Beresford v Royal Insurance Co Ltd [1938] AC 586
Lawful contract unenforceable on public policy grounds.
Facts
In 1925 Major Rowlandson took out five life insurance policies on his own life with the defendants, Royal Insurance Co Ltd, amounting to £50,000. Each policy contained the condition: “If one of the lives assured shall die by his own hand, whether sane or insane within one year from the commencement of the assurance, the policy shall be except void”. In 1934 Major Rowlandson shot himself. The claimant, Major Rowlandson’s administratrix sued the company claiming the amount of the insurance.
Issues
The defendants pleaded that as Major Rowlandson had committed suicide, the policies had become void.
Decision/Outcome
The House of Lords held that on true construction of the contract the insurance company had promised to pay the amount assured if Major Rowlandson intentionally killed himself while sane. However, they then looks at whether the contract was enforceable in law. It was established at that time that suicide was a crime in English law. The court referred to cases such as Crippen’s Case [1911] P 108 in which it was held that the estate of a man who murdered his wife could not benefit from his crime. Lord Atkin said (at 599):
“I think that the principle is that a man is not to be allowed to have recourse to a Court of Justice to claim a benefit from his crime whether under a contract or a gift… to hold otherwise would in some cases offer an inducement to crime or remove a restraint to crime”.
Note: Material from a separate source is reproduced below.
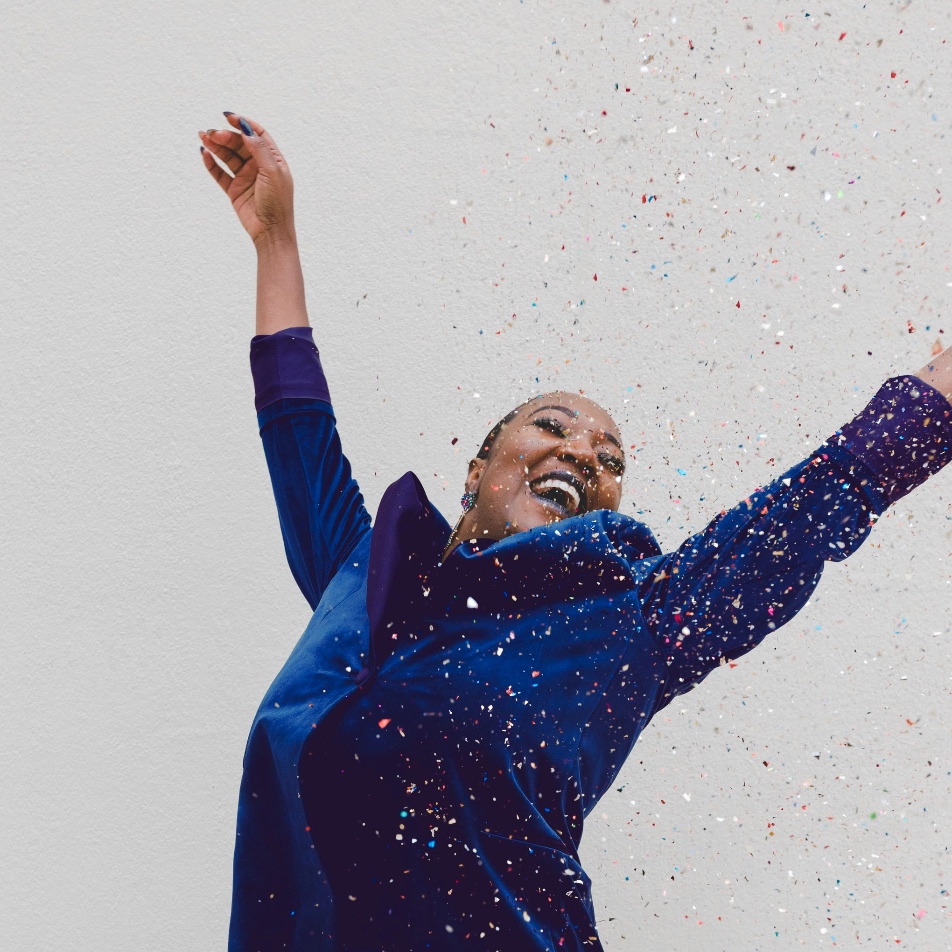 A woman celebrating amongst falling confetti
Therefore, their Lordships refused to allow the administratrix to claim the insurance on the grounds of public policy even though the contract was lawful.
Updated 19 March 2026
This case summary remains accurate as a statement of the 1938 House of Lords decision and the legal principles it established regarding public policy and the enforcement of otherwise lawful contracts.
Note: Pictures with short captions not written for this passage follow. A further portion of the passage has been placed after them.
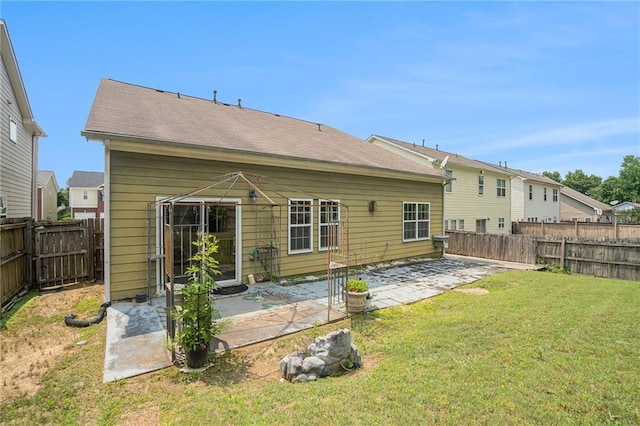 7761 Parkside Dr, Lithia Springs, GA 30122 - rear view of property featuring a patio area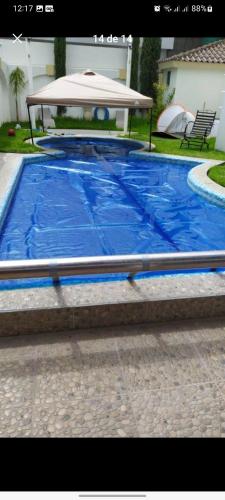 una grande piscina blu con ombrellone di Casa en el centro a Aguascalientes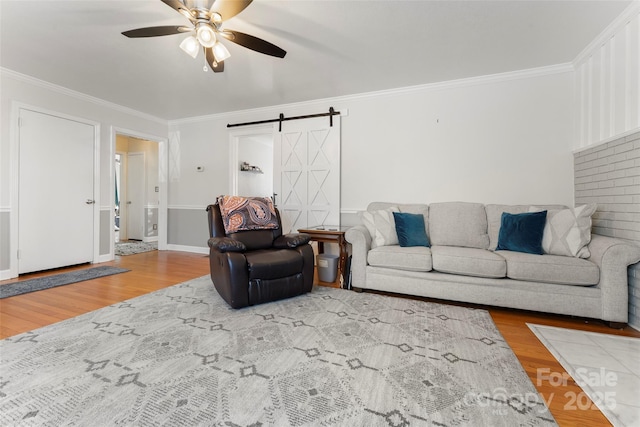 living room featuring ceiling fan, wood-type flooring, a barn door, and ornamental molding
However, readers should be aware of one significant legal development: suicide was decriminalised in England and Wales by the Suicide Act 1961, which came into force after this decision. As a result, the specific reasoning that suicide constituted a crime capable of engaging the ex turpi causa/public policy principle no longer applies in the same way. The broader principle that a person cannot benefit from their own crime (the ‘illegality defence’ or ex turpi causa non oritur actio) remains part of English law, but has been substantially developed and refined since 1938, most recently by the Supreme Court in Patel v Mirza [2016] UKSC 42, which replaced the earlier rigid approach with a more flexible, policy-based balancing exercise. Students should treat Beresford as a foundational authority on public policy and contract law, but should read it alongside Patel v Mirza and consider the impact of the Suicide Act 1961 on its precise ratio.